Professional Collaboration and Development
Michelle also expressed concern that the current tenor of education is to search for those teachers who are not doing their job to the point that we don't even know who the good teachers are and what they're actually doing to be successful. Michelle maintains that "...there are extraordinary teachers everywhere, but they're invisible. They're invisible, because extraordinary teachers are content to pour their energy into students, never seeking or expecting recognition for simply doing what they love to do." Right now, we're asking the wrong questions. We should be asking, "How can teachers like Michelle better share their mindset, skills, and practices with other teachers? What are the elements that truly make a good teacher better and how do we replicate these across a system? She worries that as new teachers enter the field, they will simply do what they're told they will be evaluated on without the context of a broad and multi-faceted vision for student success. As a result, they may develop patterns early on that are hard to break later without being afforded the time and access to other teachers who can help guide, mentor, and inspire them through those first few years.

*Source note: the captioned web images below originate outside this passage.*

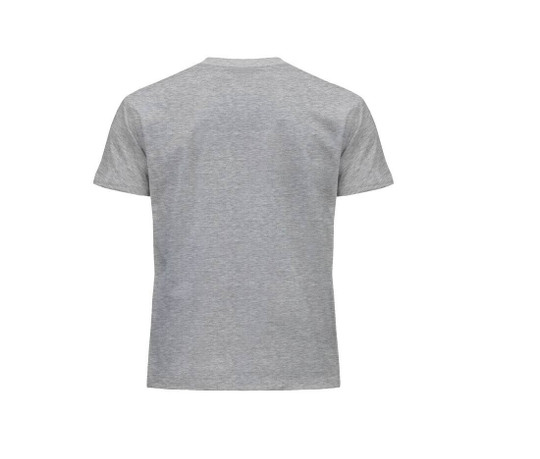 JHK JK155 - Round neck man 155 T-shirt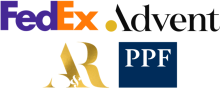 FedEx and an Advent-led PE consortium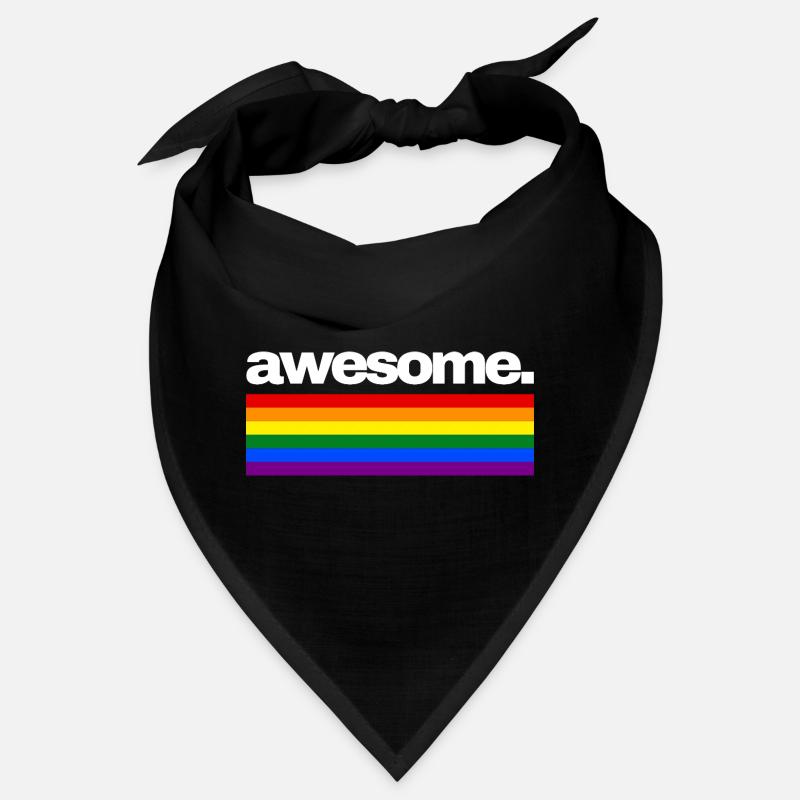 Prima Bandana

Michelle points out that this is not simply about teacher evaluation; the ultimate goal is the elimination of achievement gaps. She stated, "We are not going to [eliminate achievement gaps] without significant changes. We need to free teachers [to take risks] and invite all kinds of students into our classes." In order for that to happen, perhaps we need a vision for teaching and learning that is different from the current calls for accountability.

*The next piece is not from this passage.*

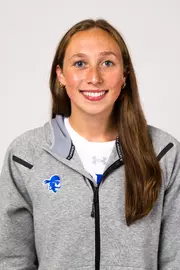 Allie Waggoner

Creating a Vision for Teaching and Learning
When Michelle went to Singapore, she observed that they are moving away from the testing model, where parents are more concerned about their students' rankings on national tests, to a more holistic system that includes some of the life and world skills she referenced earlier. She said they are realizing that teaching is complex and not easily communicated on a one-page checklist. In an effort to communicate their core values around developing students' 21st century "competencies," they have created a visual including:
Level One: Self-awareness; Self-management; Responsible decision-making; Relationship management; and Social awareness
Level Two: Civic literacy, Global awareness & Cross-cultural skills; Information & Communication Skills; and Critical & Inventive Thinking
Level Three: Confident person; Concerned citizen; Active Contributor; and Self-Directed Learner
In addition, Singapore's Ministry of Education is using the image of a "multifaceted gem" to represent their new teacher growth model to capture the notion that teachers develop along a learning continuum based on principles, philosophy and practice expressed through five different areas: Ethical Educator; The Transformational Leader; The Collaborative Learner; The Competent Professional; and The Community Builder.
Singapore is looking to create a more comprehensive educational system that moves beyond test scores and percentages to one that honors the complexity of teaching and the enormous responsibility of educating a citizenry prepared for a global society. Likewise, Michelle insists that we owe it to our students to design and implement evaluation systems that encourage educators to teach creatively, take risks, and "meet students where they are" in their journey to master the content knowledge and soft skills necessary to succeed in school, in the workplace, and in life. Such systems must acknowledge that success cannot always be numerically measured, and that "intangibles" such as the ability to connect with, relate to, and inspire young people must be part of any accountability system that aims to truly capture a teacher's effectiveness.